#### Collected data
|---|
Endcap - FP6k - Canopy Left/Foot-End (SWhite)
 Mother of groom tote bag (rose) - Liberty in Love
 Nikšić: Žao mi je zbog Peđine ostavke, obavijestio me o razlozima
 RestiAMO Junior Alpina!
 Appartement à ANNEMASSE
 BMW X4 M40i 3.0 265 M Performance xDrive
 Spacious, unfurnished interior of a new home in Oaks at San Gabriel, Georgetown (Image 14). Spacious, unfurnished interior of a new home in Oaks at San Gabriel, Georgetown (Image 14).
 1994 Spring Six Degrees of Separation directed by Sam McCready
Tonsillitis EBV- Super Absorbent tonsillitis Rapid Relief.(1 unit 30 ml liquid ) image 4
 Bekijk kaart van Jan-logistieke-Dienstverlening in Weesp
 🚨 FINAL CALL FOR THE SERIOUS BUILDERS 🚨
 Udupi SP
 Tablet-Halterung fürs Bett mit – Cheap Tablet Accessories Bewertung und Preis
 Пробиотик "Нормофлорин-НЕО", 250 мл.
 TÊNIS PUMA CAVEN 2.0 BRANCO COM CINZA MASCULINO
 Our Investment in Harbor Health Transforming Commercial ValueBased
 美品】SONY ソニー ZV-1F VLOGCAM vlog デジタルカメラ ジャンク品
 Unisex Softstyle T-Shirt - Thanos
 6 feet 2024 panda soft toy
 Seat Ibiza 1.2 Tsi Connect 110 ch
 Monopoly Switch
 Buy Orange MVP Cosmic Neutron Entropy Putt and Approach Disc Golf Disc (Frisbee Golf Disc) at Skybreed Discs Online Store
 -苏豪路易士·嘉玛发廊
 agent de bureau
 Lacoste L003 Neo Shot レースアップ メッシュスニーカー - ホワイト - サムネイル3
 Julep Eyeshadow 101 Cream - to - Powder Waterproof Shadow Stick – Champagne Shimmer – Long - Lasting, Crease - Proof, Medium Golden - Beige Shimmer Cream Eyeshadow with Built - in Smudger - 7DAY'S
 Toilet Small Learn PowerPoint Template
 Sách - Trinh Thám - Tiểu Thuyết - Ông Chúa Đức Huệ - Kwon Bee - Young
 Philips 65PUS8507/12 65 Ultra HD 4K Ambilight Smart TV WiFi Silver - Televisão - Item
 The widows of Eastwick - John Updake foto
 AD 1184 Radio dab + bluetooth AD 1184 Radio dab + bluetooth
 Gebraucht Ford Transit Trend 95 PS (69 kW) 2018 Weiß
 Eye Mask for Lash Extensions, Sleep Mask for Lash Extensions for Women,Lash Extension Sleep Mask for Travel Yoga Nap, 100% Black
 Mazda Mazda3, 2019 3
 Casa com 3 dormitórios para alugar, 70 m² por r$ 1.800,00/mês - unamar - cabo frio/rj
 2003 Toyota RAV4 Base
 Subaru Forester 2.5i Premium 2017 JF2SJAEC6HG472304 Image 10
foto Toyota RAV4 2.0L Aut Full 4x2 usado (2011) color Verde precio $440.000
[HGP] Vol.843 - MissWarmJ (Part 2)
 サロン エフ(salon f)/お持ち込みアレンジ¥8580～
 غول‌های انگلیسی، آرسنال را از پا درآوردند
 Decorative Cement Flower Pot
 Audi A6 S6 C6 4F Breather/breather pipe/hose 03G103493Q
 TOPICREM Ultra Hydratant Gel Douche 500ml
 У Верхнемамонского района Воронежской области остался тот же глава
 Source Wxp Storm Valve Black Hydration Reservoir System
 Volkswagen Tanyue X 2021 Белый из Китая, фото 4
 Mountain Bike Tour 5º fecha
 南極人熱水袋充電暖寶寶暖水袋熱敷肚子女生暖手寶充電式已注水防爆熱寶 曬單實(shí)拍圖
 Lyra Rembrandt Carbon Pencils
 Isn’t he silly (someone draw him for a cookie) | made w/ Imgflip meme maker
|---|
#### Task requirements
Give the records back in full, word for word.

#### Problem solution
Endcap - FP6k - Canopy Left/Foot-End (SWhite)
 Mother of groom tote bag (rose) - Liberty in Love
 Nikšić: Žao mi je zbog Peđine ostavke, obavijestio me o razlozima
 RestiAMO Junior Alpina!
 Appartement à ANNEMASSE
 BMW X4 M40i 3.0 265 M Performance xDrive
 Spacious, unfurnished interior of a new home in Oaks at San Gabriel, Georgetown (Image 14). Spacious, unfurnished interior of a new home in Oaks at San Gabriel, Georgetown (Image 14).
 1994 Spring Six Degrees of Separation directed by Sam McCready
Tonsillitis EBV- Super Absorbent tonsillitis Rapid Relief.(1 unit 30 ml liquid ) image 4
 Bekijk kaart van Jan-logistieke-Dienstverlening in Weesp
 🚨 FINAL CALL FOR THE SERIOUS BUILDERS 🚨
 Udupi SP
 Tablet-Halterung fürs Bett mit – Cheap Tablet Accessories Bewertung und Preis
 Пробиотик "Нормофлорин-НЕО", 250 мл.
 TÊNIS PUMA CAVEN 2.0 BRANCO COM CINZA MASCULINO
 Our Investment in Harbor Health Transforming Commercial ValueBased
 美品】SONY ソニー ZV-1F VLOGCAM vlog デジタルカメラ ジャンク品
 Unisex Softstyle T-Shirt - Thanos
 6 feet 2024 panda soft toy
 Seat Ibiza 1.2 Tsi Connect 110 ch
 Monopoly Switch
 Buy Orange MVP Cosmic Neutron Entropy Putt and Approach Disc Golf Disc (Frisbee Golf Disc) at Skybreed Discs Online Store
 -苏豪路易士·嘉玛发廊
 agent de bureau
 Lacoste L003 Neo Shot レースアップ メッシュスニーカー - ホワイト - サムネイル3
 Julep Eyeshadow 101 Cream - to - Powder Waterproof Shadow Stick – Champagne Shimmer – Long - Lasting, Crease - Proof, Medium Golden - Beige Shimmer Cream Eyeshadow with Built - in Smudger - 7DAY'S
 Toilet Small Learn PowerPoint Template
 Sách - Trinh Thám - Tiểu Thuyết - Ông Chúa Đức Huệ - Kwon Bee - Young
 Philips 65PUS8507/12 65 Ultra HD 4K Ambilight Smart TV WiFi Silver - Televisão - Item
 The widows of Eastwick - John Updake foto
 AD 1184 Radio dab + bluetooth AD 1184 Radio dab + bluetooth
 Gebraucht Ford Transit Trend 95 PS (69 kW) 2018 Weiß
 Eye Mask for Lash Extensions, Sleep Mask for Lash Extensions for Women,Lash Extension Sleep Mask for Travel Yoga Nap, 100% Black
 Mazda Mazda3, 2019 3
 Casa com 3 dormitórios para alugar, 70 m² por r$ 1.800,00/mês - unamar - cabo frio/rj
 2003 Toyota RAV4 Base
 Subaru Forester 2.5i Premium 2017 JF2SJAEC6HG472304 Image 10
foto Toyota RAV4 2.0L Aut Full 4x2 usado (2011) color Verde precio $440.000
[HGP] Vol.843 - MissWarmJ (Part 2)
 サロン エフ(salon f)/お持ち込みアレンジ¥8580～
 غول‌های انگلیسی، آرسنال را از پا درآوردند
 Decorative Cement Flower Pot
 Audi A6 S6 C6 4F Breather/breather pipe/hose 03G103493Q
 TOPICREM Ultra Hydratant Gel Douche 500ml
 У Верхнемамонского района Воронежской области остался тот же глава
 Source Wxp Storm Valve Black Hydration Reservoir System
 Volkswagen Tanyue X 2021 Белый из Китая, фото 4
 Mountain Bike Tour 5º fecha
 南極人熱水袋充電暖寶寶暖水袋熱敷肚子女生暖手寶充電式已注水防爆熱寶 曬單實(shí)拍圖
 Lyra Rembrandt Carbon Pencils
 Isn’t he silly (someone draw him for a cookie) | made w/ Imgflip meme maker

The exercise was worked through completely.